Data supplied:
[Start of section]

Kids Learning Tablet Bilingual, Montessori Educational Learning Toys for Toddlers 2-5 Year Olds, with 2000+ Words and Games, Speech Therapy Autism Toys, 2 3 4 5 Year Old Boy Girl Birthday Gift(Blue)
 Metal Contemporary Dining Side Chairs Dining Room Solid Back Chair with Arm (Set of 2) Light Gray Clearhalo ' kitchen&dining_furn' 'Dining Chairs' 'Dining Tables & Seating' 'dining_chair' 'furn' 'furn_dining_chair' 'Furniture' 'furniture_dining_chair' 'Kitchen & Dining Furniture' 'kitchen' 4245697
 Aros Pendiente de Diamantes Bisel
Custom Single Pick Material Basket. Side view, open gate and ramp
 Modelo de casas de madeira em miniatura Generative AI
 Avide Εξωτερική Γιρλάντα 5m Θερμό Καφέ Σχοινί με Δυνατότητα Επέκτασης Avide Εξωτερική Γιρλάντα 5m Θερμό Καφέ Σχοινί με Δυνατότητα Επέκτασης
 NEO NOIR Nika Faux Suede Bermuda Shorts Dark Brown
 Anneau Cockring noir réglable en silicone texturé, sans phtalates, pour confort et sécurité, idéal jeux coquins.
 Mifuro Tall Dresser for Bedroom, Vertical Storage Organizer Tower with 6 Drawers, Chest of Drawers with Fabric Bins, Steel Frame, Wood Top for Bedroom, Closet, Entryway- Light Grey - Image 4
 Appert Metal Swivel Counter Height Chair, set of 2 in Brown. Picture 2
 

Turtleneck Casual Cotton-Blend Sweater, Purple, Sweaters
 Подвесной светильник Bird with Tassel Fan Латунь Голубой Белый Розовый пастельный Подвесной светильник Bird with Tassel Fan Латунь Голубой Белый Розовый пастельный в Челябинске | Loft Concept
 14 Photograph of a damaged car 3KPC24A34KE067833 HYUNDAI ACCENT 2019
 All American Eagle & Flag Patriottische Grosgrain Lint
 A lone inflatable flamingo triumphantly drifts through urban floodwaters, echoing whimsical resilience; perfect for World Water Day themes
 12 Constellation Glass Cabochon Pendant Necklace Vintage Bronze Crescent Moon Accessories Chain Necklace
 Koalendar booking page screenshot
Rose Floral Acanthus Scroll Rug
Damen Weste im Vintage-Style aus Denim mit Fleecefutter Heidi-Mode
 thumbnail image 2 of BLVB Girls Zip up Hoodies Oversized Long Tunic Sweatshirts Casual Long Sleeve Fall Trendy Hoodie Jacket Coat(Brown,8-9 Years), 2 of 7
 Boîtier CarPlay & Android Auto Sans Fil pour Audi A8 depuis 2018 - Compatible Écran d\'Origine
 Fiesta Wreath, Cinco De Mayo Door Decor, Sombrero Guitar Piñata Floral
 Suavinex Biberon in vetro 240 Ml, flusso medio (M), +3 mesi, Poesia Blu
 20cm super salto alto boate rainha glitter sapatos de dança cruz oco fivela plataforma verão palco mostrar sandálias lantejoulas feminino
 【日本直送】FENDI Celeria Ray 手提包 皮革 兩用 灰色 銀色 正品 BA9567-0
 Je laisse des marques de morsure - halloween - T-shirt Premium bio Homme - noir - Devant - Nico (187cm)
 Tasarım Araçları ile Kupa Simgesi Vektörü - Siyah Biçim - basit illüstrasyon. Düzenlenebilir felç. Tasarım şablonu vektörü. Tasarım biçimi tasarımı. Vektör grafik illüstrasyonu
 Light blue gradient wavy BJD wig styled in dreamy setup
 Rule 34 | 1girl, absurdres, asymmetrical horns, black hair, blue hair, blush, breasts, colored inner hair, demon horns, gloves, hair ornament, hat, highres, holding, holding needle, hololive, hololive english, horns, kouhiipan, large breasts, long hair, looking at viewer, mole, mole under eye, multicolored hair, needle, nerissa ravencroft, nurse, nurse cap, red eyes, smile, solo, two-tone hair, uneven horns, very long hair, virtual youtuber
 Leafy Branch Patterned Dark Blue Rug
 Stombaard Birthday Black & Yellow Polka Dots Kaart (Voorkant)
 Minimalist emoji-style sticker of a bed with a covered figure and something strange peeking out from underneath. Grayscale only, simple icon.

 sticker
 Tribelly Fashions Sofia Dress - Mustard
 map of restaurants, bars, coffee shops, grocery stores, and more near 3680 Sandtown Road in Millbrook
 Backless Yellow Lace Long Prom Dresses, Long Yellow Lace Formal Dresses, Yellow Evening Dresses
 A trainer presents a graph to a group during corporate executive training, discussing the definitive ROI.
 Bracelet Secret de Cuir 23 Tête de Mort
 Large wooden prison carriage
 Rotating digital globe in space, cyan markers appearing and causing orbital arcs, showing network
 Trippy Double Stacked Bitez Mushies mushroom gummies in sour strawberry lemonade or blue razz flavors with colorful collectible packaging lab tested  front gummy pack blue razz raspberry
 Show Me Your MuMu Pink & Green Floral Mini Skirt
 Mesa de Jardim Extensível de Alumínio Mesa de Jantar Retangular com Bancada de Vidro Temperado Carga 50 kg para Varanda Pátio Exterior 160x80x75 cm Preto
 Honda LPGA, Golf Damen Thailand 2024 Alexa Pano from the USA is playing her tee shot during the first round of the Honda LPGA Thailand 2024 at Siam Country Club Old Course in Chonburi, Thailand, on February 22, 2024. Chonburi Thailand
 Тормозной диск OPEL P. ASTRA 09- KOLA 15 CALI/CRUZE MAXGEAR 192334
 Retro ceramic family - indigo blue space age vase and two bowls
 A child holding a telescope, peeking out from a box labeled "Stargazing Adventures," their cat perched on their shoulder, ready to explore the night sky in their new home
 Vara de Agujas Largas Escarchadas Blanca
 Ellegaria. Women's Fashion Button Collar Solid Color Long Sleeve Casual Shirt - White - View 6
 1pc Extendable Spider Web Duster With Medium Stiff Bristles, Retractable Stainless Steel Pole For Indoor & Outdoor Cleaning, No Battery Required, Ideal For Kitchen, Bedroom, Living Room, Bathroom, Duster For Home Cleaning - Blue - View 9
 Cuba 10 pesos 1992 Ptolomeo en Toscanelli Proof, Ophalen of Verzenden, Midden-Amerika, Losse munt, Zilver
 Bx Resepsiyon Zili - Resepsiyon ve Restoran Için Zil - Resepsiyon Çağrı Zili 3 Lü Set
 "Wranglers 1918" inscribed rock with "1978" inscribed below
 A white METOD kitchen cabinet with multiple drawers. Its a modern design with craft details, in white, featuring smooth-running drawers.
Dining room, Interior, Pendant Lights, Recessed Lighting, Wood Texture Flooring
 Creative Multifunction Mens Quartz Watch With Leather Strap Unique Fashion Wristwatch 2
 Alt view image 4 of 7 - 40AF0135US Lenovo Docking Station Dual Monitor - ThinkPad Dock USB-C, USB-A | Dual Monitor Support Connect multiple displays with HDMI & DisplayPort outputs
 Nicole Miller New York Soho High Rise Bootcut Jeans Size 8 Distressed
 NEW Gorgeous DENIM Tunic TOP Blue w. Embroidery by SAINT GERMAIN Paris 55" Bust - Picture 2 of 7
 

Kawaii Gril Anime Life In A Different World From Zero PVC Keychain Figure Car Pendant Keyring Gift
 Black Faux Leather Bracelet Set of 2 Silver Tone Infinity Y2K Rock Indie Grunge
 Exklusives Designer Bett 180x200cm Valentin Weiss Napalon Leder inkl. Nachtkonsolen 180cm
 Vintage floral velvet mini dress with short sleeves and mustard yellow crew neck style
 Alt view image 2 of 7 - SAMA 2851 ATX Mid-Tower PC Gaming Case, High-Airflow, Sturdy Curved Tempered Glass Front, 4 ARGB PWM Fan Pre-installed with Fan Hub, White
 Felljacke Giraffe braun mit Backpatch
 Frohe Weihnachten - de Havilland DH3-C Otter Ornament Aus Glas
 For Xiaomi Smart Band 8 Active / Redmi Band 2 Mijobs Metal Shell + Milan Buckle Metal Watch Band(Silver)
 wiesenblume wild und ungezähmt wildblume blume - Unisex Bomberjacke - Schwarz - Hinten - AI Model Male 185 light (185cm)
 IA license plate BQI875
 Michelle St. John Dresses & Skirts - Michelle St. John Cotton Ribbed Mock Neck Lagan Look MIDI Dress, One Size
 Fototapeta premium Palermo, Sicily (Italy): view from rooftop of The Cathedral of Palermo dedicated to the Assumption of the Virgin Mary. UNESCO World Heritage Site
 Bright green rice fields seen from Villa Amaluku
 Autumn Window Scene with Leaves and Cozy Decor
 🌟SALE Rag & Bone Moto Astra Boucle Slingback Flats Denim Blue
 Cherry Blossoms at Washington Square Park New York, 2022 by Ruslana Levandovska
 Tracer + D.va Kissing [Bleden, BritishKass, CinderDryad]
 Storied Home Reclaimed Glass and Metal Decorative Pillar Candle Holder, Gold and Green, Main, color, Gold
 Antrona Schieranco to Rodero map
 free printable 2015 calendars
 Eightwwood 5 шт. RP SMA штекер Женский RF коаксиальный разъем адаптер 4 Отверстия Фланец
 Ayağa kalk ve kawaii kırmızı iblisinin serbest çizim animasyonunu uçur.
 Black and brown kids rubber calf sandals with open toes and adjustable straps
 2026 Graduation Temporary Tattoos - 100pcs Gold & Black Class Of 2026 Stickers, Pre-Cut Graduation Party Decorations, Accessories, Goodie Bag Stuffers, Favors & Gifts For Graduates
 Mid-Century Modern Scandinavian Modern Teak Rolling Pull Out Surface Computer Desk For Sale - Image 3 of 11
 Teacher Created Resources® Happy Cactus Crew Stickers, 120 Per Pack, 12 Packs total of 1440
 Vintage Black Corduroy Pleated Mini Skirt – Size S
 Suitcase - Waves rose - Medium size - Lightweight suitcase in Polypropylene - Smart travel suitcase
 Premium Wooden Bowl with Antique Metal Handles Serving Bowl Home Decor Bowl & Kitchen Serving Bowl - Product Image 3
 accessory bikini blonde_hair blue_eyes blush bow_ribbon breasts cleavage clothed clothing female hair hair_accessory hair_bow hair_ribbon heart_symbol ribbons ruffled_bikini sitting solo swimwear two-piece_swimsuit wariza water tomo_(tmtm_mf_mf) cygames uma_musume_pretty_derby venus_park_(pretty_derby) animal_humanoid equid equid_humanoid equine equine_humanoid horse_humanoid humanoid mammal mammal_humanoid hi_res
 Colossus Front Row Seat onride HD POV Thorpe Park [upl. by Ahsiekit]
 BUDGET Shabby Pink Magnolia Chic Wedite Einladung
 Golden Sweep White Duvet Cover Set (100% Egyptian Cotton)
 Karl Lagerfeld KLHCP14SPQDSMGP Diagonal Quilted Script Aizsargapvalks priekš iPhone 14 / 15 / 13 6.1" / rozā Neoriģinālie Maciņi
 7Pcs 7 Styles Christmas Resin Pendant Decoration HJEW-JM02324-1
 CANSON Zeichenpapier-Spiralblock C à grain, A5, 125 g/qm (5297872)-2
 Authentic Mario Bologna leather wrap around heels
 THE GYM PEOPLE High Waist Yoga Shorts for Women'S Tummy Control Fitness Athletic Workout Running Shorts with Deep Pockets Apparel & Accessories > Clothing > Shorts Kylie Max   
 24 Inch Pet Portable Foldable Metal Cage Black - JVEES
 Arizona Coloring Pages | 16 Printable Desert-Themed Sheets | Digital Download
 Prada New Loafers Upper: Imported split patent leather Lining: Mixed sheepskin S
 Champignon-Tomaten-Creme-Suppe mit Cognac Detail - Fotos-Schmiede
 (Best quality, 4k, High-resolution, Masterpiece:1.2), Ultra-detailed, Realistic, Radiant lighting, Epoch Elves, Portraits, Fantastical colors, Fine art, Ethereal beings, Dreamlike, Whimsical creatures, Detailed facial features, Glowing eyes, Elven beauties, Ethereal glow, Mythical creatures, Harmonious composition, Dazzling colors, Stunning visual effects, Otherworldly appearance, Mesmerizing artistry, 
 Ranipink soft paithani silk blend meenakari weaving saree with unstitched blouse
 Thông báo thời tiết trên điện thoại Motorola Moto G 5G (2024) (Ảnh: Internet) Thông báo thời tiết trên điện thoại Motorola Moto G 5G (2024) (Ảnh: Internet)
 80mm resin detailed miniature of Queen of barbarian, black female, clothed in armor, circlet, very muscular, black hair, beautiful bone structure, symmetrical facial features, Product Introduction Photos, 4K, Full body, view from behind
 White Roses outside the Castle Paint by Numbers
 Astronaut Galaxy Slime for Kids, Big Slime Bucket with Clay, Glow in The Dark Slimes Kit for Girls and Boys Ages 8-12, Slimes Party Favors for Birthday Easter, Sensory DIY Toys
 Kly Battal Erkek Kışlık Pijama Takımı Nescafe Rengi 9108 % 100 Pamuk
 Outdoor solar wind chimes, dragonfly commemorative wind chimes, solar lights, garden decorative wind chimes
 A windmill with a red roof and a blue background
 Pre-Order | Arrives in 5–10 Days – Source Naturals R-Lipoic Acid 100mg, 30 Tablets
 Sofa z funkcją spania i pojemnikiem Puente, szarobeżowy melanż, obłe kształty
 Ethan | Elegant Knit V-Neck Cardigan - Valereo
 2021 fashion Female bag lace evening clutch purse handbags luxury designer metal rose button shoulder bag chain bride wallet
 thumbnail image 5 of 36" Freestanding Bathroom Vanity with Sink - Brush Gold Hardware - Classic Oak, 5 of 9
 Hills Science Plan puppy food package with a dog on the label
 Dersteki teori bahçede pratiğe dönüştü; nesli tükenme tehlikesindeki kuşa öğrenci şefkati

[End of section]

Requirement:
Write out exactly the lines above between the line with "Kawaii Gril Anime" and the line with "Exklusives Designer Bett", inclusive, and nothing beyond them.

Written reply:
Kawaii Gril Anime Life In A Different World From Zero PVC Keychain Figure Car Pendant Keyring Gift
 Black Faux Leather Bracelet Set of 2 Silver Tone Infinity Y2K Rock Indie Grunge
 Exklusives Designer Bett 180x200cm Valentin Weiss Napalon Leder inkl. Nachtkonsolen 180cm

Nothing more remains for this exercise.